By: Bryan Wong

Posted on 07 Sep 2015

Traditional models of work are no longer relevant.


In the future, the workforce as we recognise it today will no longer exist. Disruptive technologies, labour imbalances, changing demographics, contractors, freelancers and virtual workers are changing the very DNA of the workforce. Some roles will become obsolete and others change beyond recognition. The implications are both immediate and far reaching.

The shift in workforce demographics is already occurring as baby boomers retire and millennials fill the employment vacuum. The retirement age is increasing to 67 years of age over the next few years in Australia, Singapore, the UK and the USA as Governments scramble to address the burden of an aging population. But how proactively are business leaders factoring both the short-term and long-term implications into their workforce planning? At a company level organisations are grappling to minimise the impact of retiring baby boomers on profitability and loss of institutional and technical knowledge. Recent research we’ve conducted with HR leaders highlights the difficulty of the intergenerational shift. Millennials have different expectations and behaviours – feedback, flexibility and encouragement reign supreme. By 2020, millennials will represent 50% of the global workforce and for the first time in history new workforce entrants have a better understanding of key business tools than their more experienced colleagues.

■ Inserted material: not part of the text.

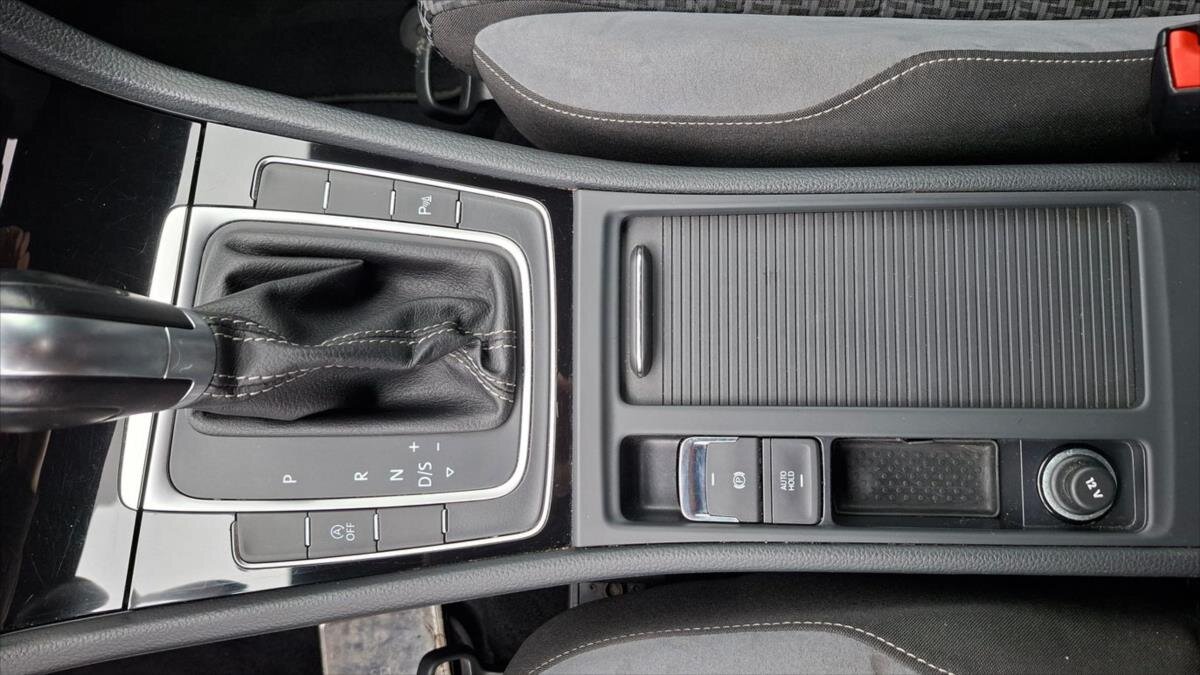 Volkswagen Golf Hatchback 1,4 l 110 kw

Non-traditional work arrangements and the on-demand economy are on the rise as cloud, mobile and social technologies allow individuals to work when, where and how they like. Imagine a future where contract and freelance work becomes the norm, with people moving from task to task. It’s just around the corner, within five years it is predicted freelancers, contract and virtual workers will be over 40% of the workforce. Our discussions with our clients indicate the freelancer model is often procurement driven. This raises an interesting dilemma for HR – how to manage a non-core workforce? As well as contractor management technology tools, the ability to establish and maintain networks to identify quality talent will be crucial. Even within companies we predict a fragmentation of traditional organisational models in which people come together on a project by project basis. Work will take on a whole new meaning as workers detach from companies and professional identities centre on skill-sets.

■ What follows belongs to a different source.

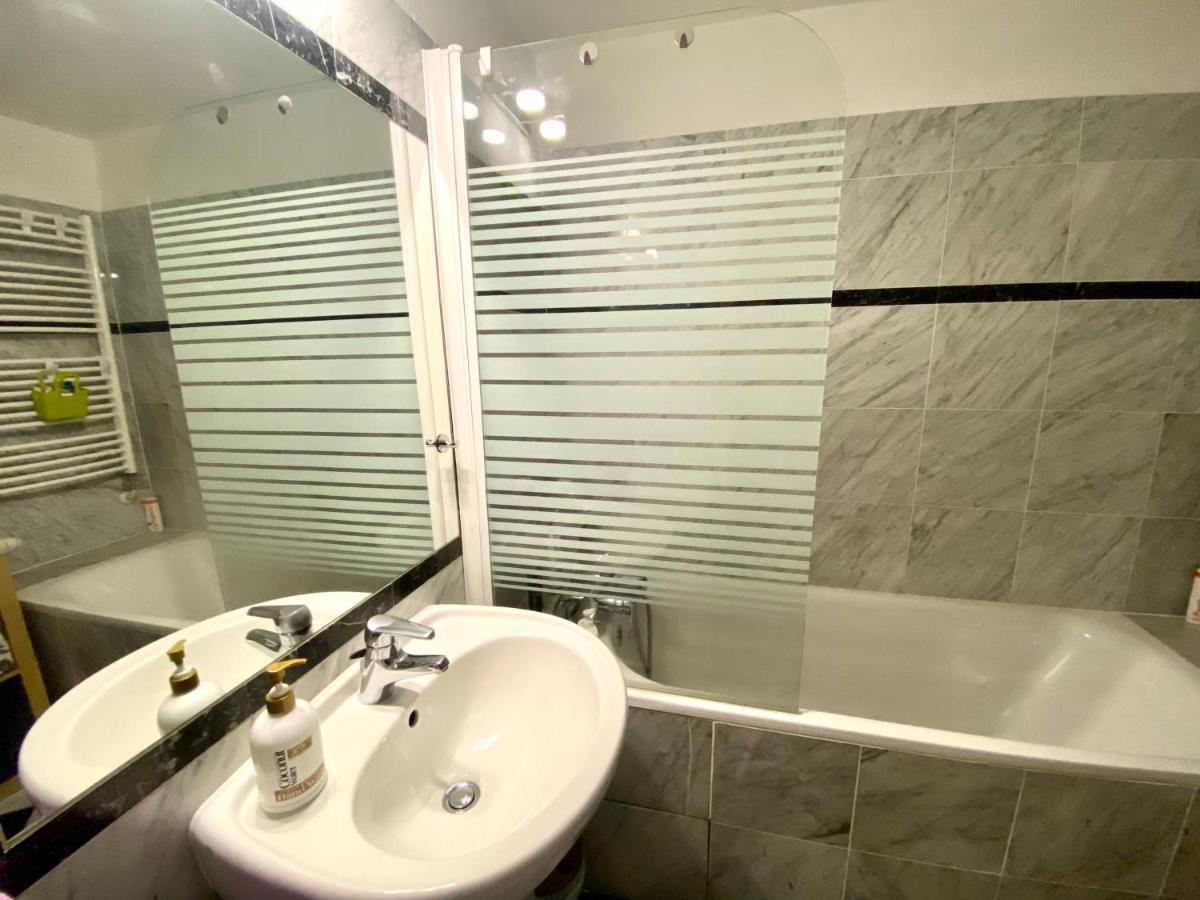 פראג Fantastic Apartment In The City Center מראה חיצוני תמונה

But it won’t stop there. Imagine a future where humans are no longer needed – robots, artificial intelligence and smart technology take the place of workers. Robots are already beginning to augment and replace labour across a wide range of industries from manufacturing through to medicine. Machine-learning algorithms and speech recognition technology is impinging on roles previously though safe from automation. We interviewed Kevin Wheeler, Founder of the Future of Talent Institute about his thoughts on what this means. He said “If you’re over 40, you’ll probably make it to retirement in the traditional world. If you’re under 40 you should really assess whether you are positioned to win or lose in the new world – are you gaining the skills you need?” HR has a role to play in tailoring training and development to re-skill and right-skill employees to meet future organisational requirements.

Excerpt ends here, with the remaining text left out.